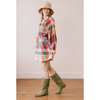 Sunshine Tienda Pippa Dress Dresses & Jumpsuits Parts and Labour Hood River Oregon Clothing Store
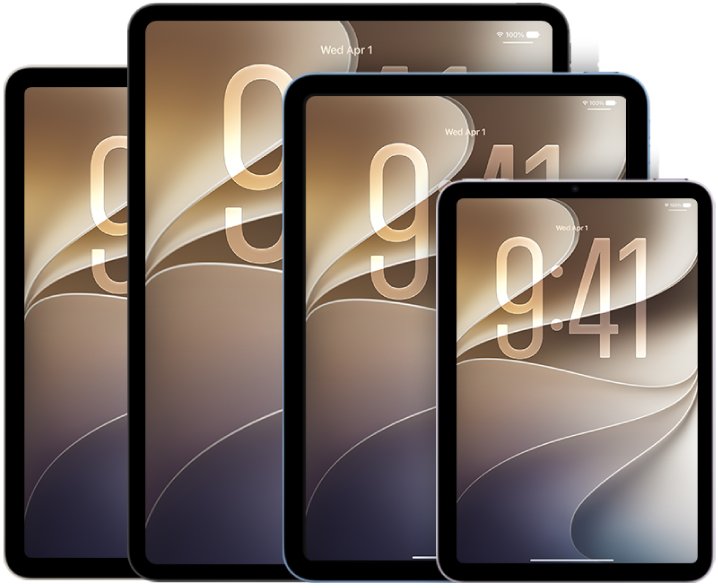 Can you add a data plan to a non-cellular iPad later?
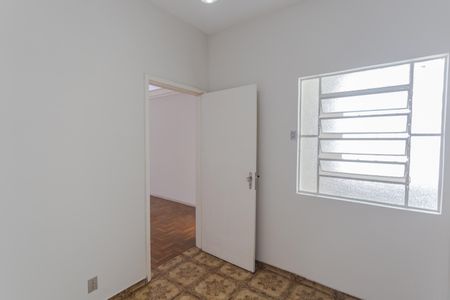Copa de apartamento à venda com 3 quartos, 125m² em Centro, Belo Horizonte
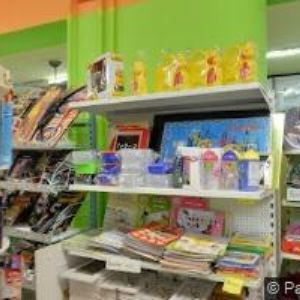 obrazek: avatar MILIÁN-DROGBRUN, s.r.o.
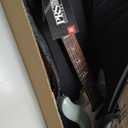 PRS SE Studio Standard Rosewood, Silvertone Gray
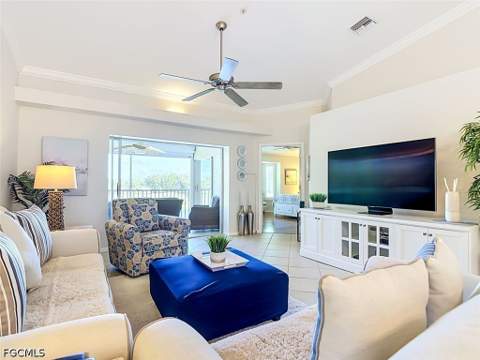 10508 Washingtonia Palm Way 4526, Fort Myers FL - photo 11 of 34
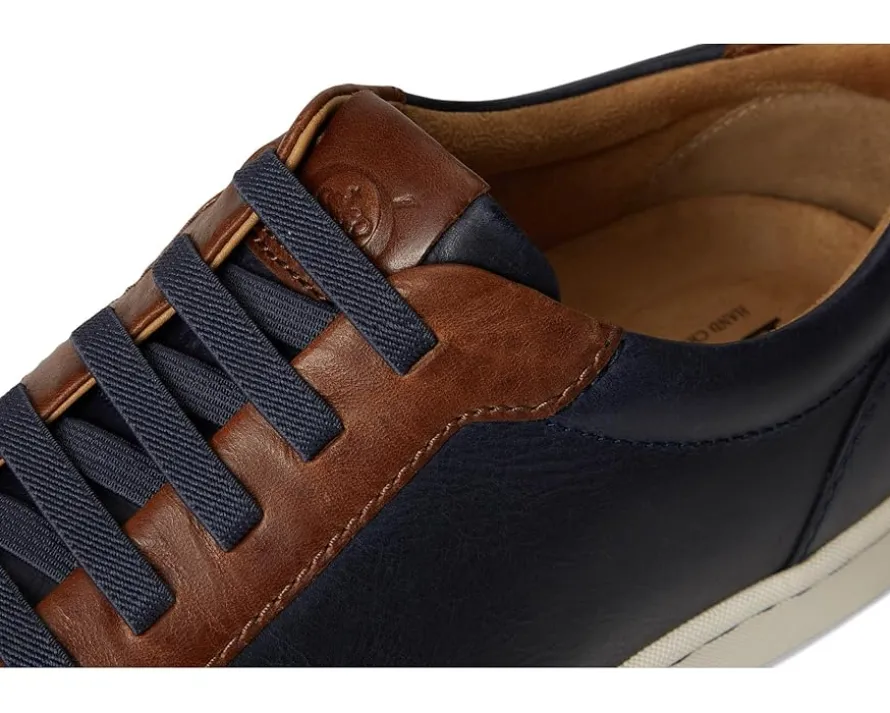 Born Allegheny Slip On Men's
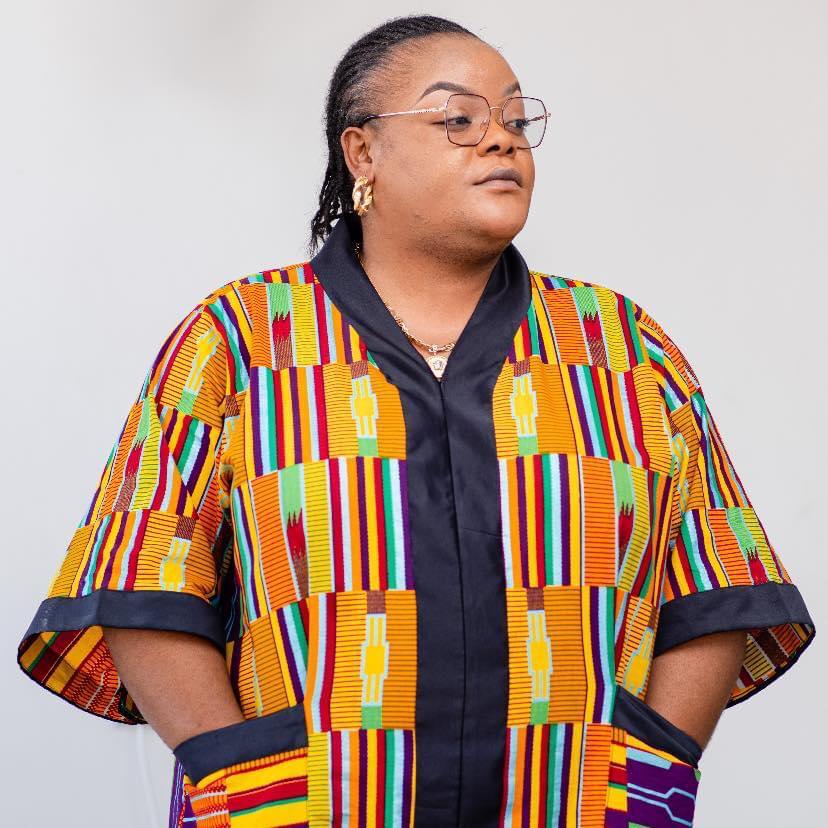 RDC/ Prochain gouvernement : Magdallah Kasonga, le choix des dépendants des militaires, pour le poste du vice-ministre déléguée à la Défense nationale, anciens combattants, veuves et orphelins !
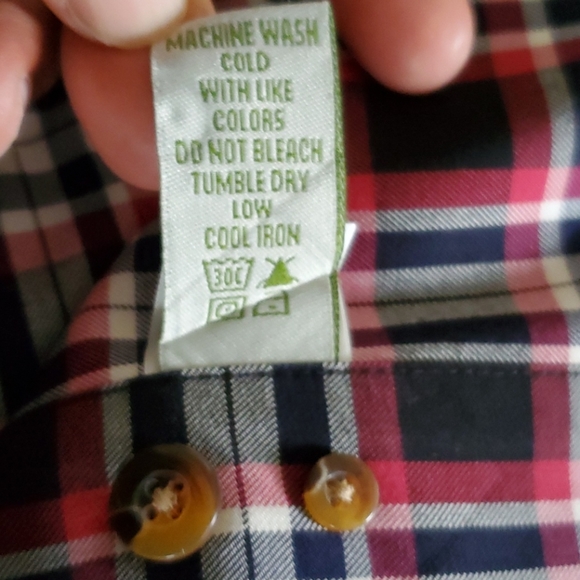 NWOT Orvis - Picture 9 of 10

○ ○ ○ ○ ○

The lines from the one containing "Copa de apartamento" through the final line of the data are to be repeated exactly, with both ends included and all pictures left out.

## Solution for this problem:
Copa de apartamento à venda com 3 quartos, 125m² em Centro, Belo Horizonte
 obrazek: avatar MILIÁN-DROGBRUN, s.r.o.
 PRS SE Studio Standard Rosewood, Silvertone Gray
 10508 Washingtonia Palm Way 4526, Fort Myers FL - photo 11 of 34
 Born Allegheny Slip On Men's
 RDC/ Prochain gouvernement : Magdallah Kasonga, le choix des dépendants des militaires, pour le poste du vice-ministre déléguée à la Défense nationale, anciens combattants, veuves et orphelins !
 NWOT Orvis - Picture 9 of 10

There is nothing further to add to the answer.